For the time being, most missions will require a decision as to whether to attempt a landing at sea, which would be aided by the presence of extra remaining propellant, or instead to attempt a more fuel intensive flyback to landing zones where the presence of a wide, stable concrete pad will be of little comfort if the fuel is exhausted in the final second.
The critical difference of course, is the weather, which proved to be a prohibiting factor on the first high speed return attempt, which took place on the DSCOVR mission to deep space. Ocean landings bring with them not only the unpredictable nature of the sea, which can range from vaguely concerning to absolutely terrifying, but also other more predictable issues such strong offshore trade winds and accelerated corrosion from salt spray. It will be interesting to observe on a case by case basis which way SpaceX leans when the payload mass and flight profile says both returns are possible.
Looking a bit further down the road, the calculus may shift somewhat once launches begin to take place from the commercial spaceport SpaceX is developing at Boca Chica, Texas. While the Gulf of Mexico, like any body of water, can become threatening under certain conditions, it is generally a much more placid place than either the Atlantic or the Pacific, and should be generally favorable to nautical landings.
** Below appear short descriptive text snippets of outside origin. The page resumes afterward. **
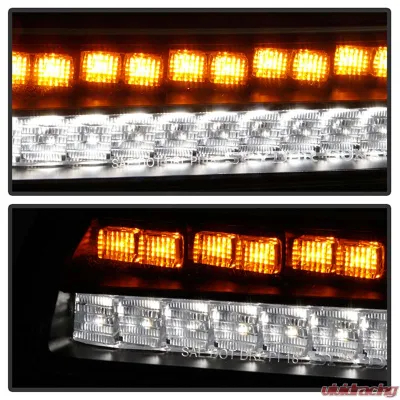 Spyder Auto Full LED Sequential Signal Front Bumper Lights Black Jeep Wrangler 2018-2019 - CBL-YD-JW18LED-SEQ-BK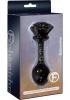 Fashionistas Rose Glass Butt Plug Large - Black	 Sex Toy Product Image 2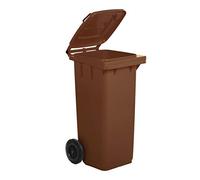 Bidone monocolore a due ruote per raccolta differenziata - 120 litri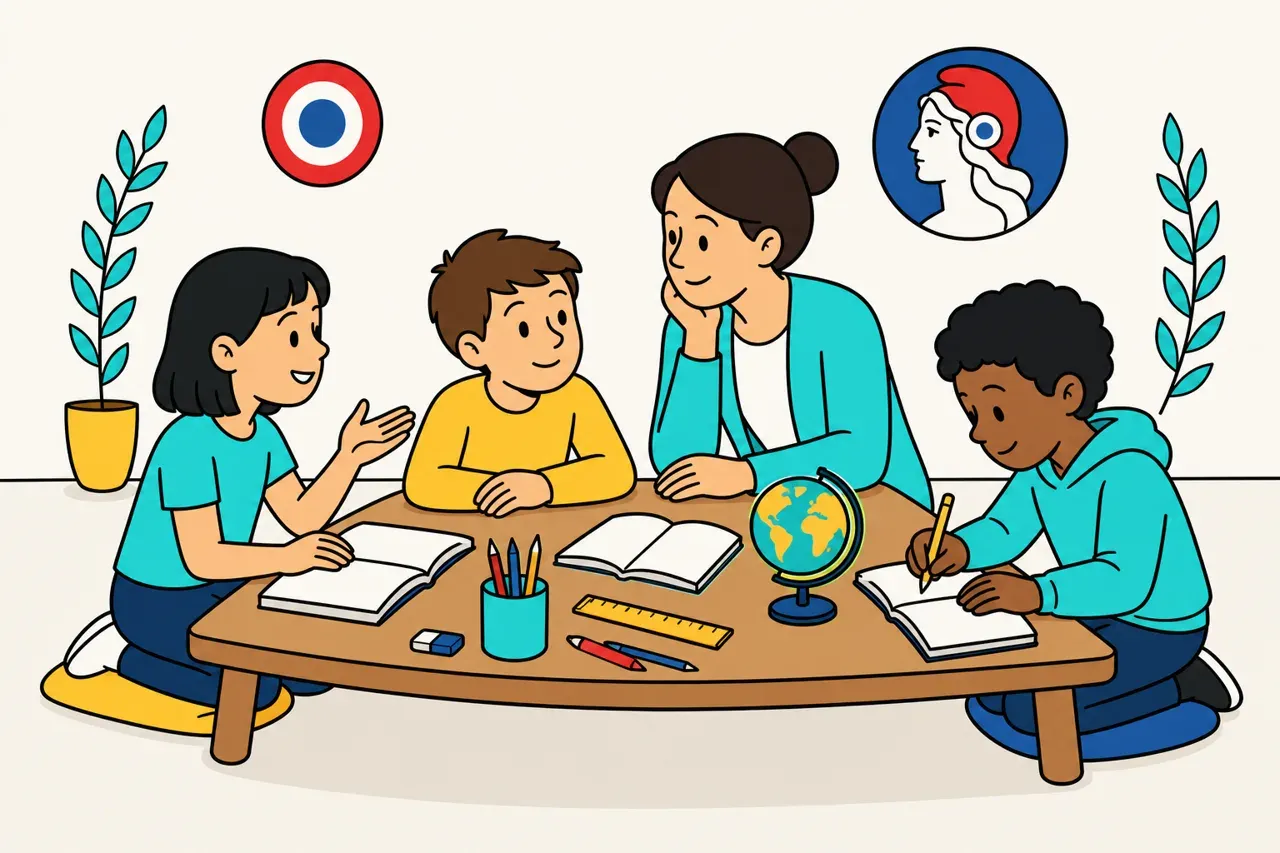 Aider pour les devoirs, illustration Mission 6e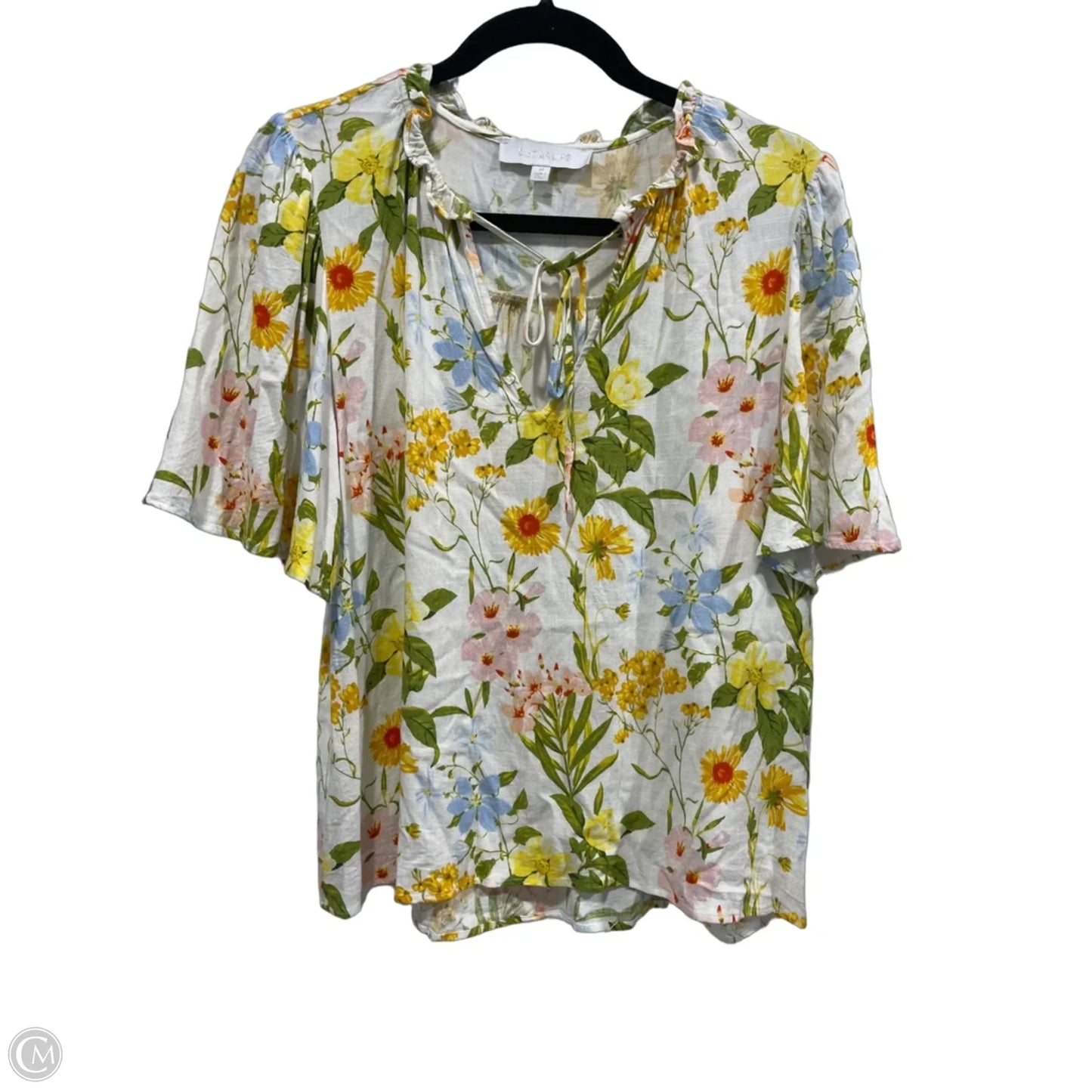 Top Short Sleeve By Sugar Lips In Floral Print, Size: M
The decision will get even more interesting with the debut of the Falcon Heavy and the eventual introduction of first stage re-use. Assuming the latter, FH launches are likely to offer highly favorable odds for returning and re-flying the twin outboard boosters. In certain circumstances, such as in the recent SES-9 flight where the spacecraft’s mass and destination pushed the Falcon 9’s performance to its limit, there may be a decision to be made between foregoing any hope of recovery on a single core rocket, versus the higher cost of a Falcon Heavy launch where all three cores are returned, even if the core segment is recovered at sea.